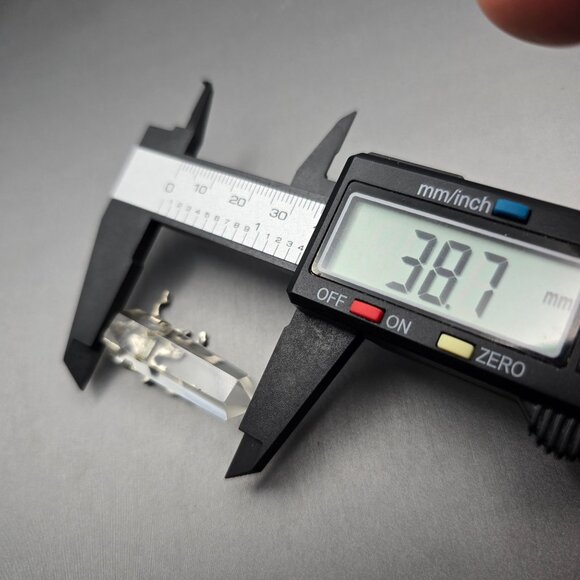 VTG Sterling Silver Unicorn Pendant 2" Clear Quartz Point Brazil Fantasy Crystal - Picture 11 of 12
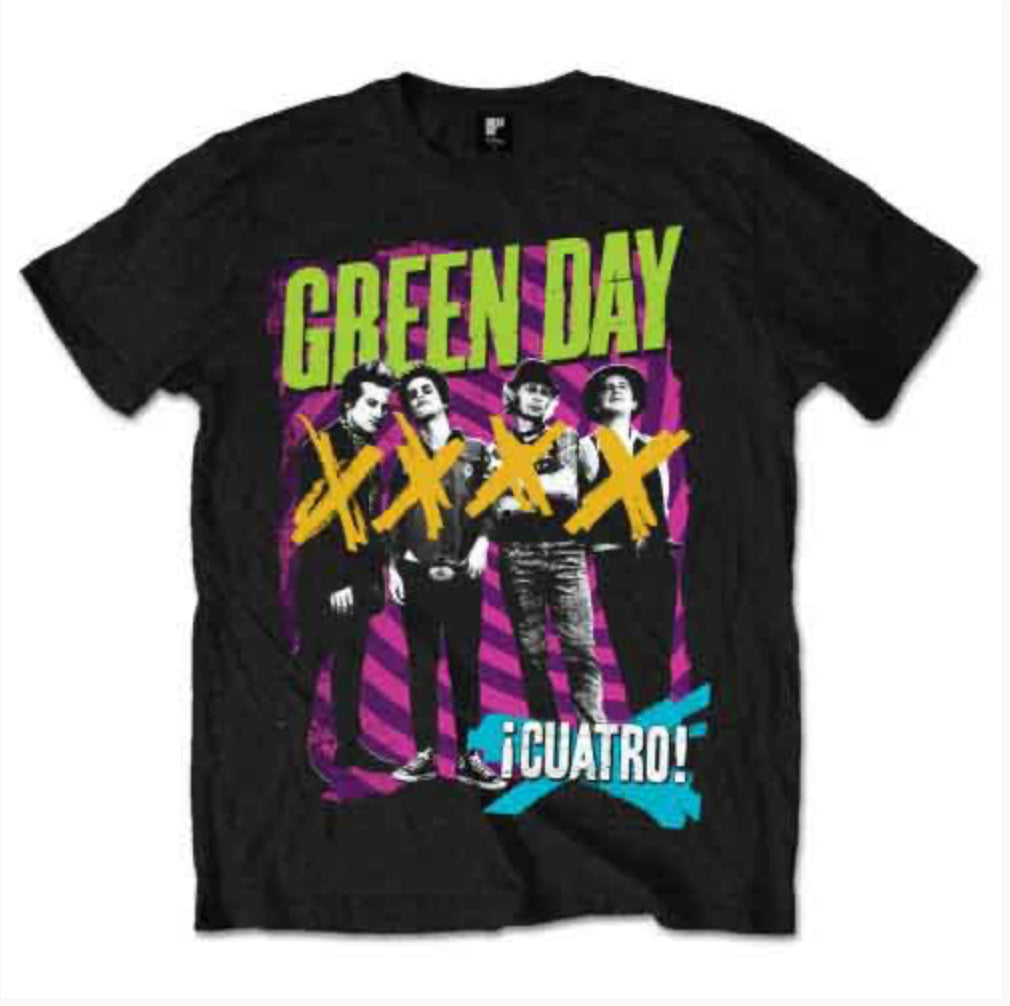 Green Day Cuatro Unisex T-Shirt~ Official Licensed Unisex Band Merchandise FREE POST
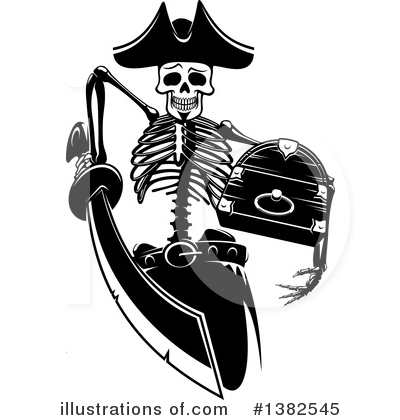 Skeleton Clipart #1382545 by Vector Tradition SM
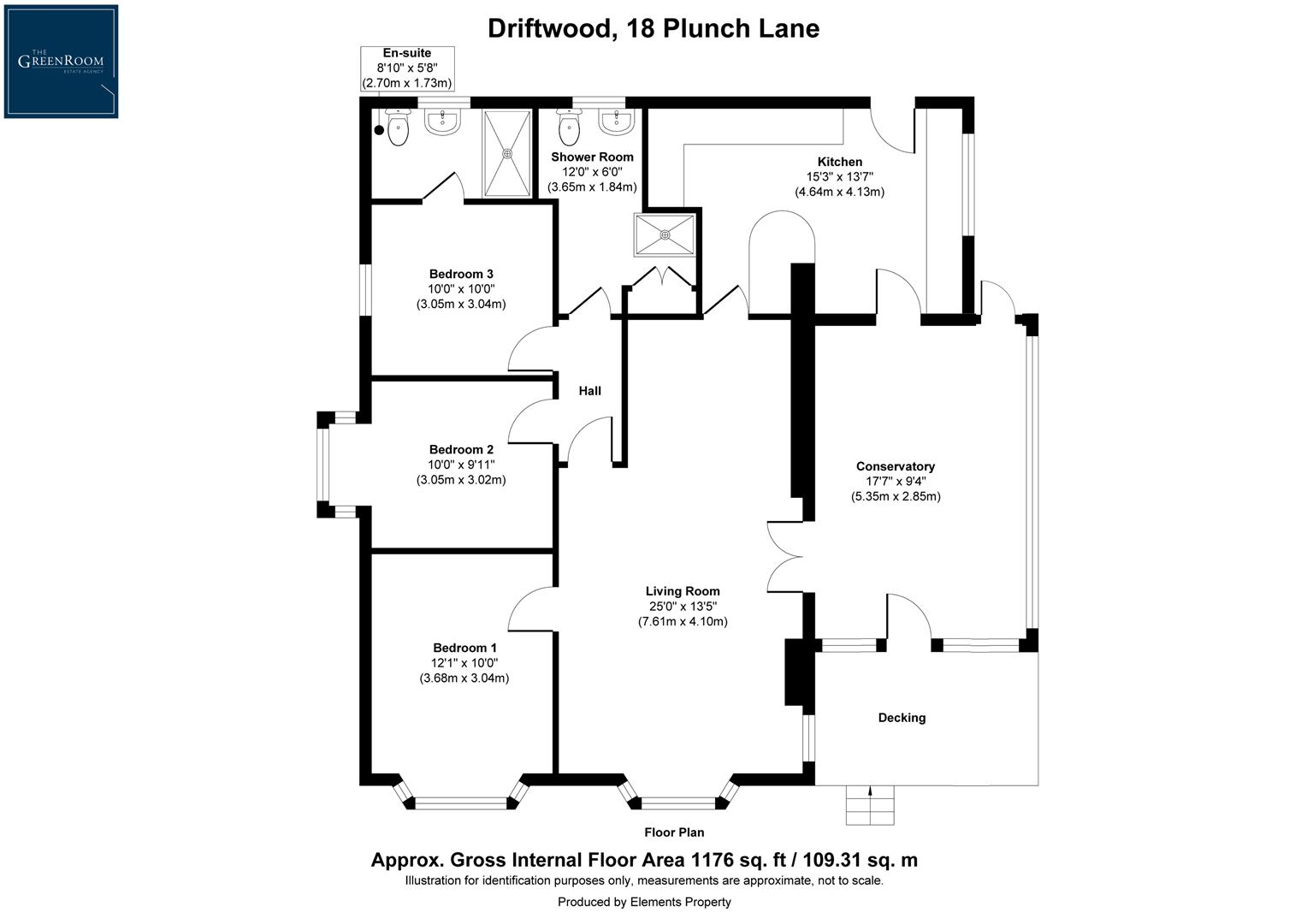 Driftwood, 18, Plunch Lane, Swansea floorplan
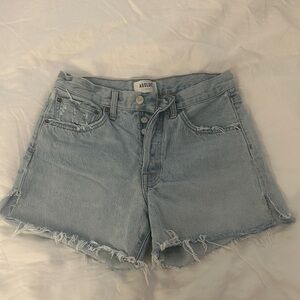 Agolde Women's Faded Blue Jean Shorts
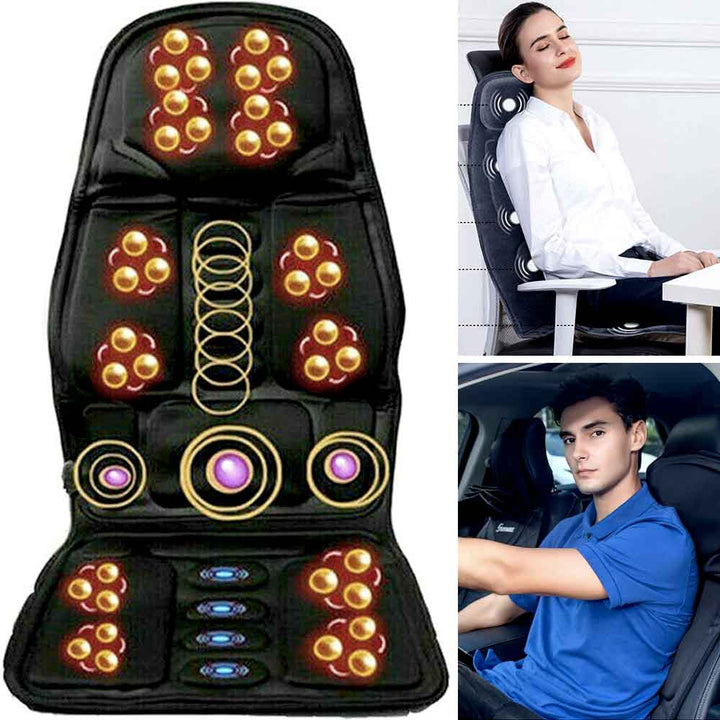 Lisslune | Fashion massage chair pad with heated neck pillow for car and home
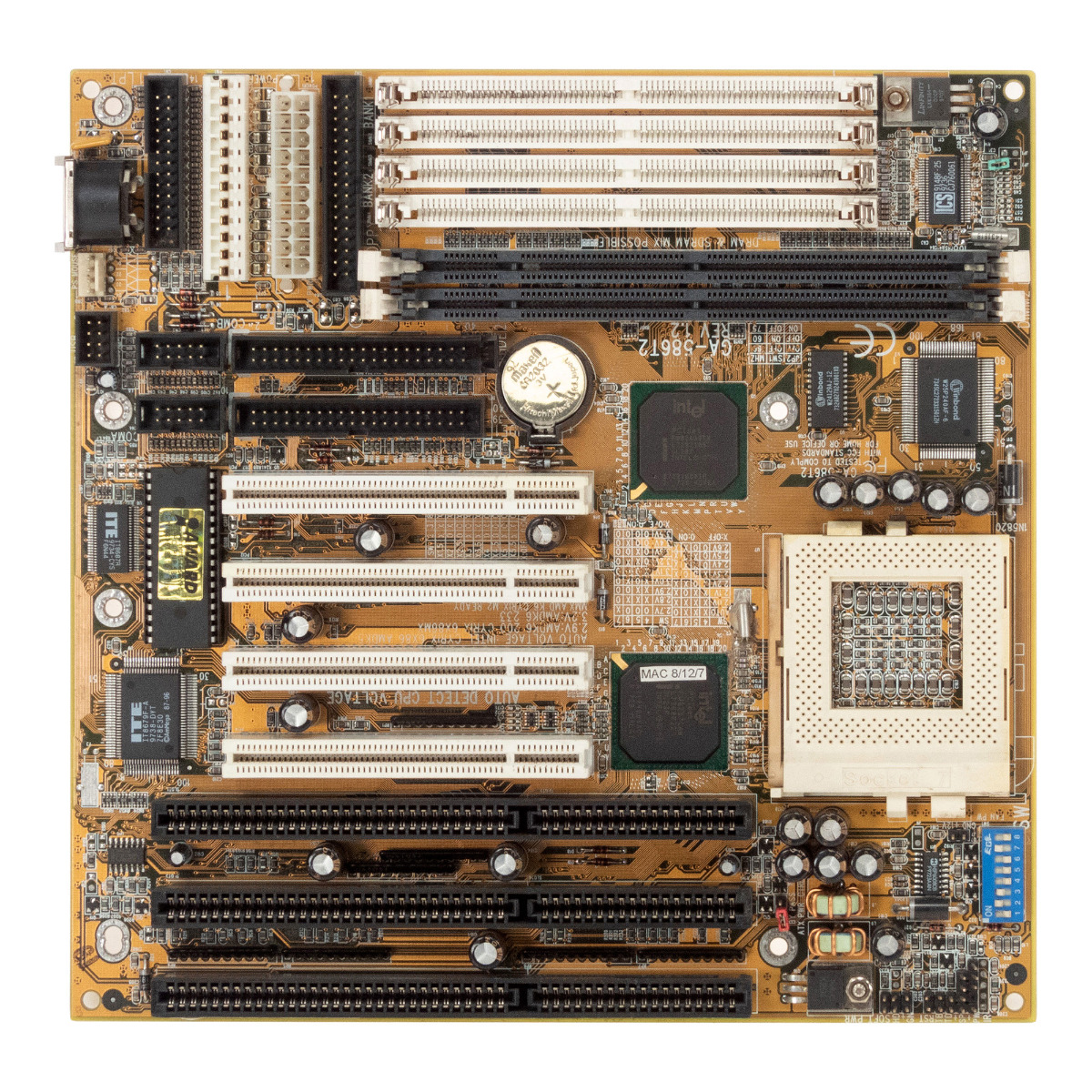 GIGABYTE GA-586T2 carte mère Socket 7 FPM/EDO + SDRAM PCI ISA Baby-AT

※

Your goal: Please write out, word for word, each line from the one with "Agolde Women's Faded Blue Jean Shorts" to the last line of the data, keeping both ends and omitting pictures.

Result for this task:
 Agolde Women's Faded Blue Jean Shorts
 Lisslune | Fashion massage chair pad with heated neck pillow for car and home
 GIGABYTE GA-586T2 carte mère Socket 7 FPM/EDO + SDRAM PCI ISA Baby-AT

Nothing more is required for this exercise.